College Technology

California Community Colleges

State Recommended or Provided Tools & Resources

As part of my final project for the California Community College CISOA (Chief Information Systems Officers’ Association) Certification, I found myself researching State provided solutions for Instructional Technologists.  There were so many things that I did not know existed and were available freely to our colleges.  After completing my presentation I knew I needed to expand the project into a website so everyone could benefit.  This is an unfunded, hobby project built on my personal time and not directly associated with the State Chancellor’s Office.
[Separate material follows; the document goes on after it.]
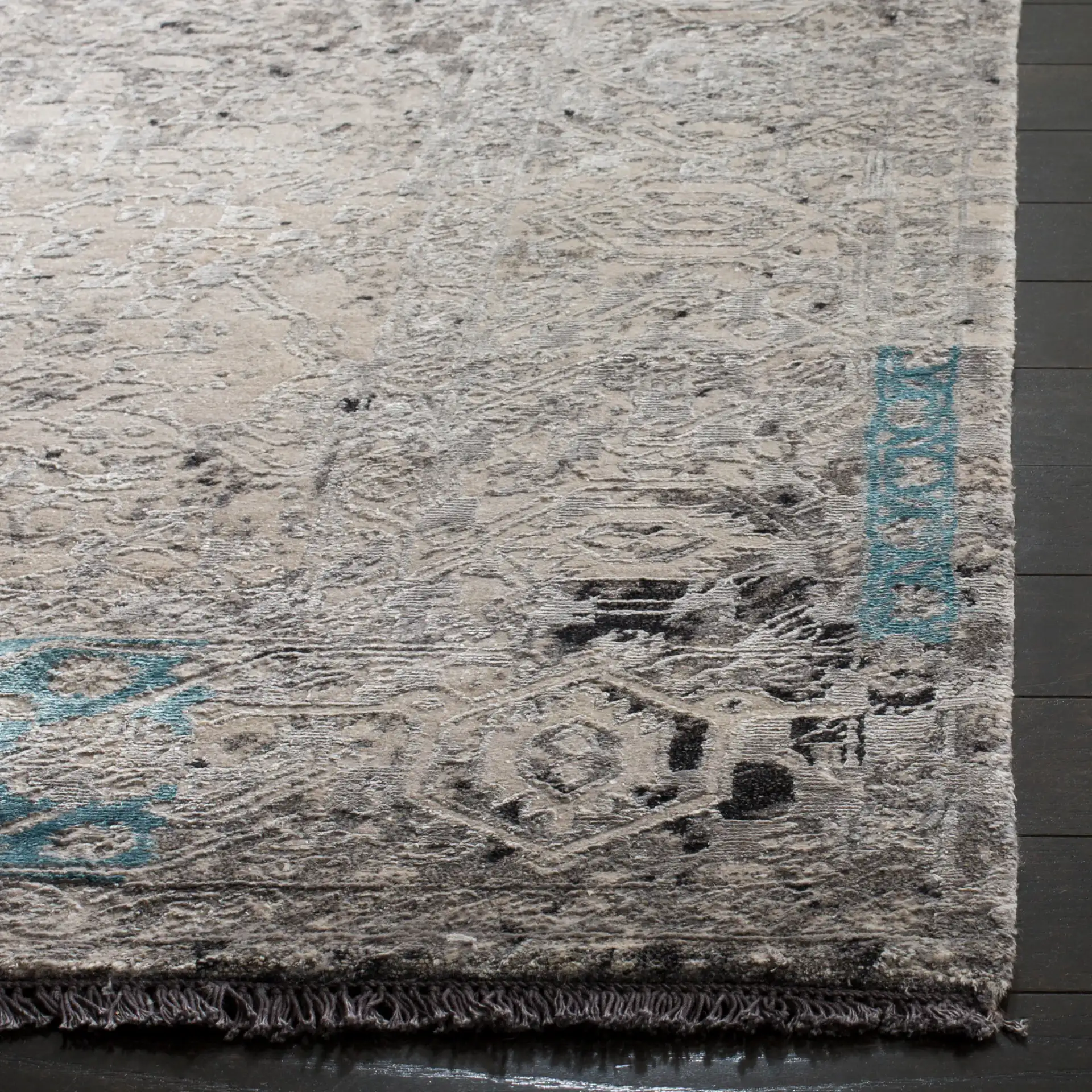 Centennial Distressed Border Hand-Knotted Rug in Light Blue in a styled room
The website has multiple sections:

  • Search all 114 Community Colleges: A consolidated google search that only returns results from the 114 california community college websites.
  • Accessibility: A listing of state-provided accessibility tools & sites
  • .EDU Email Perks: A listing of discounts available to students, faculty & staff with .edu email addresses
  • Instructional Technology: A listing of technology resources focused on teaching and learning.
  • State-Created Services: The State Chancellor’s Office is sometimes faced with initiatives or unique challenges that require the development of new and innovative solutions to be developed from scratch.
  • State Discounted Tools: Listing of solutions vetted by the State Chancellor’s Office who provide discounts to California Community Colleges based on state negotiated pricing.
  • State License Software: Software purchased by the state and made available to you for free or subsidized.
  • Support Resources: Documentation, Training, and Communities for Higher Education Solutions.
  • News: Parsed feeds of TechEdge and Chancellor’s Office Newsletters
  • College Technology Plans: A listing of all 114 California Community Colleges and their technology plans (for the ones that I could find).  Each plan is indexed using Natural Language Processing APIs, that allow you to automatically and intelligently parse chunks of text into groups.  It can extract names, organizations, products, etc… into individual “entities” and then you can link the “entities” to Google’s knowledge graph to quickly pull description data and even trends.  At a glance, you can quickly see which colleges tech plans are updated, what the overlapping themes are and find out which technologies each college is using.